A criterion for protein stability is the temperature difference between heat and cold denaturation. DSC yields a temperature difference of ΔT = 53°C between the heat capacity maxima. The prediction of the ΘU(T)-weighted chemical equilibrium model is \(\Delta T \approx 2{T_0}(1 - {\operatorname{e} ^{\frac{{ - \Delta {H_0}}}{{{T_0}\Delta C_{p}^{0}}}}})\)= 45°C, that of the statistical-mechanical two-state model ΔT = ΔE0/Cv = 46°C, and that of the multistate cooperative model ΔT\(\approx\)h0/cv = 48°C.

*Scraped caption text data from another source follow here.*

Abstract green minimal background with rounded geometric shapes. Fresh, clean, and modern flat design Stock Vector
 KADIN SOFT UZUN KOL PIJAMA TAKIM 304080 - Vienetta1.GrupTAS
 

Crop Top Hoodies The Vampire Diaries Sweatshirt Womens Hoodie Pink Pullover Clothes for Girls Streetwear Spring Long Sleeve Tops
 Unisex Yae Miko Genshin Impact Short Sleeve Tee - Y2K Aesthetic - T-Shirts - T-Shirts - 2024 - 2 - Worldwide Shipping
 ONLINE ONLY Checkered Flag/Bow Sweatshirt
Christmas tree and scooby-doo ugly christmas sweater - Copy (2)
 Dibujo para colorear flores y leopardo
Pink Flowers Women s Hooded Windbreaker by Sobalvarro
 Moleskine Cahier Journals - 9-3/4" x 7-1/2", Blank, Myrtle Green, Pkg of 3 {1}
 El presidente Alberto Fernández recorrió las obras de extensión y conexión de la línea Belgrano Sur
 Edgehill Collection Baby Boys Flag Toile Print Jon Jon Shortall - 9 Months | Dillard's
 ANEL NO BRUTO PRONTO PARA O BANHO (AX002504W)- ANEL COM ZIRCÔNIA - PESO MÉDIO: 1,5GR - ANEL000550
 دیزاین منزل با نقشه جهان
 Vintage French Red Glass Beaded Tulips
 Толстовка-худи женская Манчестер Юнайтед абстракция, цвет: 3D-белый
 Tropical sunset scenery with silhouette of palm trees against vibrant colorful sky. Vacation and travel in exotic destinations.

The simulations of the three models overlap almost completely for heat capacity Cp(T) and enthalpy ΔH(T)DSC (Fig. 7C). In contrast, the free energy prediction of the ΘU(T)-weighted chemical equilibrium model deviates from the experimental result in the vicinity of the phase transitions (Fig. 7D). The DSC-derived free energy is zero or negative, never positive. The small positive peaks of the ΘU(T)-weighted chemical equilibrium two-state model disagree with this experimental result.
The total enthalpy of heat unfolding at 57°C is ΔHDSC=104 kcal/mol, but the conformational enthalpy is only ΔH0 = 5 6 kcal/mol. The large difference is presumably caused by the binding of urea molecules and is \(\Delta {H_{\Delta C_{p}^{0}}}\)~ 50 kcal/mol.
The thermodynamic data and the fit parameters for β-lactoglobulin are summarized in Table 1B and 1C for the two-state models and in Table 2 for the multistate cooperative model.